Born in Purton in 1928, he moved to Victoria Road, Swindon when he was five, attended long-gone Swindon High School in Bath Road and having become “obsessed with art,” created a furore with his first exhibition, aged 20, at Swindon Arts Centre.

Some 44 years later he was back in Swindon, at the Bath Road gallery, for a major retrospective.

Desmond, whose surrealist works have been exhibited all over the world, said at the time: “People think my painting is a hobby, but it isn’t. I was doing it long before the other stuff and it’s more important to me than anything else.”

Which brings us nicely onto Diana Dors’ lips.

In 2002, Swindon council acquired – with £1,000 each from the Friends of the Museum and Art Gallery and the Victoria and Albert Museum – a Morris original.

Girl Selling Flowers is a collage of colourful imagery with a gorgeous pair of ruby red lips at its heart. Desmond painted it when he was 18 after returning to Swindon from London’s Petticoat Lane market.

On the phone from his Oxfordshire home he said: “I wanted to capture the colour and noise from hundreds of market stalls. Diana, who was a couple of years younger than me, was my girlfriend at the time. “I decided to incorporate her into the painting. Those big red lips symbolised Diana – they were her logo. These days stars have surgical treatment to get lips like that but Diana’s were natural.”

After a second or two, and perhaps a sigh, he added: “I have very vivid memories of Diana’s lips.” Who wouldn’t!

Desmond has often told how the nation’s future screen goddess, the “exotic young” Diana Fluck, taught him how to jitterbug at their Swindon hideaway, Queens Park.

This particular spot, his own “secret, private domain” played a big part in his life. It is where the young Desmond acquired an affinity with wildlife that would lead him into zoology and thus become the face of British TV’s first natural history programme. Today, Queens Park has become “a beautifully kept, neat and tidy public place,” as he described it.

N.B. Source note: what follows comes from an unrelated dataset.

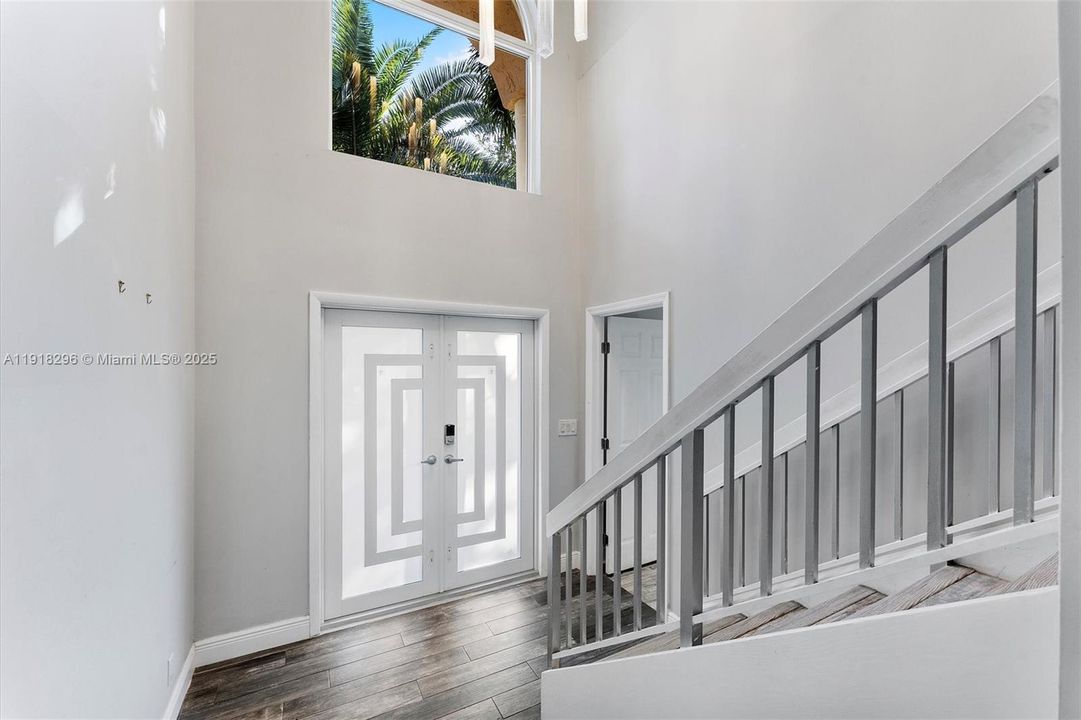 For Sale: $775,000 (5 beds, 2 baths, 2502 Square Feet)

But in his youth, during war years, it was “a magical, mysterious wilderness… a wild, unkempt jungle” where he observed large colonies of toads, frogs, smooth newts, sharp nose pike, roach, perch and chub, wild-fowl and “all the wild birds in huge variety.”

When the last surviving corner of this nature-rich wilderness was threatened with a “perverse” plan for a 32-bed travel-lodge Desmond was swift to support local residents who opposed the development… which they thankfully managed to do.

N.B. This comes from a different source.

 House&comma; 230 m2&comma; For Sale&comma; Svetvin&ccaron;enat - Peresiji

“There is no doubt about it,” he later wrote, “my little Lost World hidden away in the very heart of Swindon was the place which fired my imagination.”

Desmond on Johnny

This is what Desmond said of Johnny: “Johnny Morris was an old friend… we’d known one another since the 1940s, before either of us had stepped in front of a microphone. I was very fond of him.

“But I couldn’t stand the anthropomorphism (attributing human voices and characteristics to animals) of what he was doing, because I was trying very hard to show animal’s natural behaviour.

“I hated the funny voices and all the rest of it. I knew it was entertaining, but it was the old-fashioned form of television and it was very difficult for me because I loved Johnny as a person, but I didn’t like his way of televising animals.”